A week later, Elizabeth Dadswell stood in front of Penelope Roscoe’s house, a small but stylish Victorian cottage in a row of five. Two of the others were garnished with the latest fashions, a third was littered with builders’ rubble and the last, still in its original state, was strangling in lavish tangles of rose and ivy and wisteria. Elizabeth knew the area well. It was in the throes of being gentrified. Young couples, the honeymoon still fresh and the university degree newly framed, had filled the dilapidated houses with modern touches and youthful verve. Their eagerness, like fresh pungent varnish, adorned the little homes, gently, lovingly, glossing all visible surfaces. The hawthorn brick was painted cream or white, the window frames and Victorian lacework were in contrasting chocolate brown or dark blue; toilets were brought inside and placed in brightly tiled bathrooms, while in the kitchens, old Kookas were replaced with modern stoves and bench space appeared as if by divine inspiration. In other parts of the house windows were widened to propel light into the tawny Victorian interiors and creaking floorboards were muffled by deep carpet pile. Outside, in the front sliver of garden, was an Australian native, a blue gum or a wattle, and, a foot or two further on, a high front fence crawling with a vicious ivy. The little gardens were planted for now, for this year or the next; the new owner-renovators expected to move to larger premises before the gums towered over the houses and clogged the guttering. In this suburb, the people and the trees were on the move. Upwards.

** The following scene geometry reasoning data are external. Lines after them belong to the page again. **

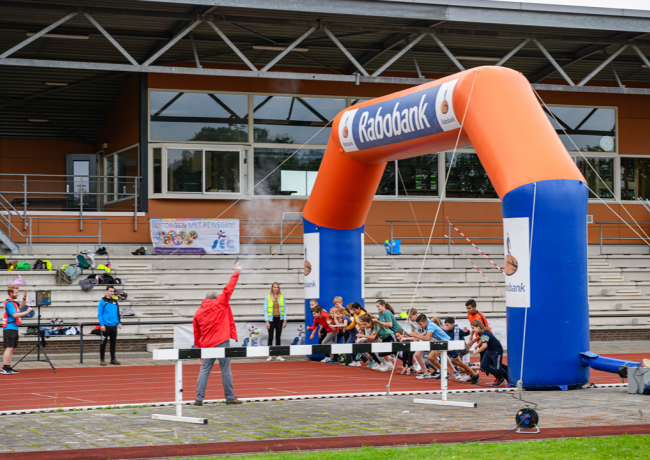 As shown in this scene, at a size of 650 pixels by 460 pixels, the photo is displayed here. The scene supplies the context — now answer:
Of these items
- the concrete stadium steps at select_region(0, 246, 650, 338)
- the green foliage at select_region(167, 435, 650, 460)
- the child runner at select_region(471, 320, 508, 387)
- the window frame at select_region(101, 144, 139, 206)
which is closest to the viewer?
the green foliage at select_region(167, 435, 650, 460)

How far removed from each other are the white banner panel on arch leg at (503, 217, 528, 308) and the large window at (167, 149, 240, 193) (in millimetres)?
14476

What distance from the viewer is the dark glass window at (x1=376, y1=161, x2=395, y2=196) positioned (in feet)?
88.8

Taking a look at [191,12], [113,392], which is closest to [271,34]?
[191,12]

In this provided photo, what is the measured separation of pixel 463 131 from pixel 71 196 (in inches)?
746

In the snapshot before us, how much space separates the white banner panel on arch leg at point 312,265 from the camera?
18.1 m

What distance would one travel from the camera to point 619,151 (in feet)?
95.3

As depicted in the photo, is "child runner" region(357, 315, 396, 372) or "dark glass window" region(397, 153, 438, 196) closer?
"child runner" region(357, 315, 396, 372)

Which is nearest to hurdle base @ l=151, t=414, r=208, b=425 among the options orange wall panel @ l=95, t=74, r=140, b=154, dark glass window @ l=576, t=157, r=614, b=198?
orange wall panel @ l=95, t=74, r=140, b=154

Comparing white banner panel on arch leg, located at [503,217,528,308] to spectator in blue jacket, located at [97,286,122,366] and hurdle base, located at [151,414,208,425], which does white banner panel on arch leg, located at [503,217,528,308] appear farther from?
spectator in blue jacket, located at [97,286,122,366]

The Roscoes appeared to be typical inhabitants. The house had been painted cream with chocolate trim, the fence was high and swarming green, and the blue gum, already at guttering height, suggested an occupancy of three to four years. Prevailing taste would judge it an attractive house, one that, in the words of the realtors, combined modern convenience with old-world cha
rm. And yet who could know whether current fashion and eager realtors were right? Who has the vision to see their own times? Not Penelope and Andrew Roscoe, and certainly not the younger Elizabeth Dadswell. Elizabeth liked the house, liked it very much: the blue gum, the high fence, the cream and chocolate paint all met with her approval. She and Adrian had looked at many such houses prior to their marriage, but in the end her parents, who were paying for the property after all, had the final say, and Elizabeth had been forced to forfeit the picturesque and atmospheric for pragmatics: a large, Edwardian-style family home a brisk ten-minute walk from the Bainbridges. Adrian was delighted: the house was an excellent pulley for his ambitions.
Ginnie stirred in the carry-cot. Elizabeth pleaded with her not to wake and moved smoothly down the path to the front door. ‘I ask nothing of you,’ she murmured to the child in a lullaby voice, ‘only sleep, just this once, for a few hours. Let me have this time.’

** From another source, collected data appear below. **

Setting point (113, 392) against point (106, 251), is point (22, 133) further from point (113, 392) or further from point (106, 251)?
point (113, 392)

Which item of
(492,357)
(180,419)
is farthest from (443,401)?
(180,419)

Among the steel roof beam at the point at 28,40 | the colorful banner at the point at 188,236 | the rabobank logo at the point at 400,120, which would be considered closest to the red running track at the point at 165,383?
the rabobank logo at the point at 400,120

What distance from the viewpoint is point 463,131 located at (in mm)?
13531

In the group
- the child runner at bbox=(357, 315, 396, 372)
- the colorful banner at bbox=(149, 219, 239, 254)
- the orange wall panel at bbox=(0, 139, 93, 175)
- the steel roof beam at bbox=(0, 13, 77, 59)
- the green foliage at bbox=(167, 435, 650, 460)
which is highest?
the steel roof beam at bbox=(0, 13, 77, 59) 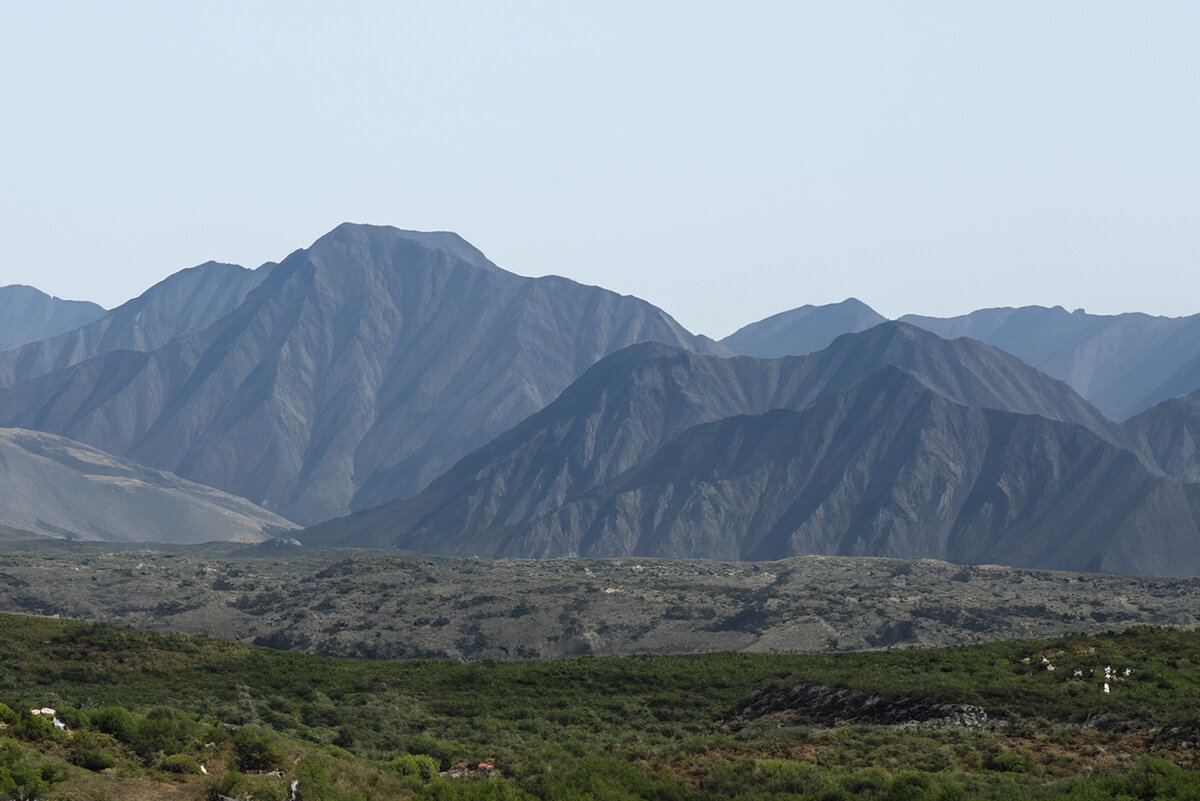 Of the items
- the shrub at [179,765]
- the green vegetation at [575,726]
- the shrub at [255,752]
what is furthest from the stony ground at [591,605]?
the shrub at [179,765]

It was not that she believed her life would be changed by the meeting, rather she longed for the solace of knowing others like her. She wanted to feel less alone and less guilty. She wanted, too, to feel less of a failure, but the experts said that would only occur if she were to have another child. And she wanted to talk, talk once, twice, a hundred times and ask a thousand questions about the child and the future and getting through each day. Even the brief phone call with Penelope Roscoe had made her feel better. Penelope had telephoned three days ago, Monday, and suggested morning tea for the Thursday. ‘I think there’ll be four of us,’ she had said, ‘a good number. Any more and I think we’d drown in a flood of words.’